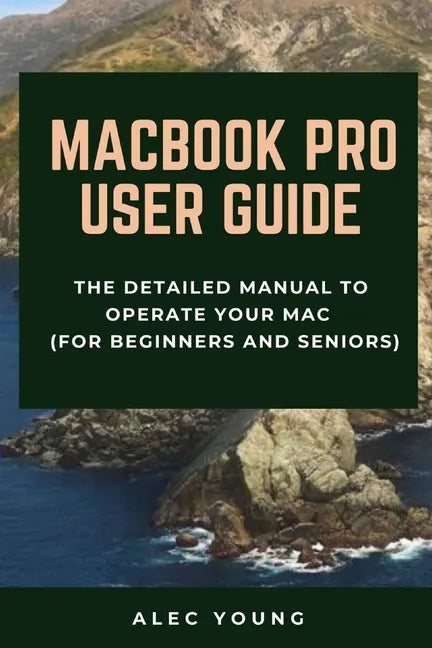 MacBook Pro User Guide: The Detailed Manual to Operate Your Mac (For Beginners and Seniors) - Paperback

★ ★ ★ ★ ★

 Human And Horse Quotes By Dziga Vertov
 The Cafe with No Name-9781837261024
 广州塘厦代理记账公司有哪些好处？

★ ★ ★ ★ ★

Every line above from the line with "Human And Horse Quotes By Dziga Vertov" to the line with "广州塘厦代理记账公司有哪些好处？" is wanted, ends included; write them out exactly and add no other line.

» Exercise output:
 Human And Horse Quotes By Dziga Vertov
 The Cafe with No Name-9781837261024
 广州塘厦代理记账公司有哪些好处？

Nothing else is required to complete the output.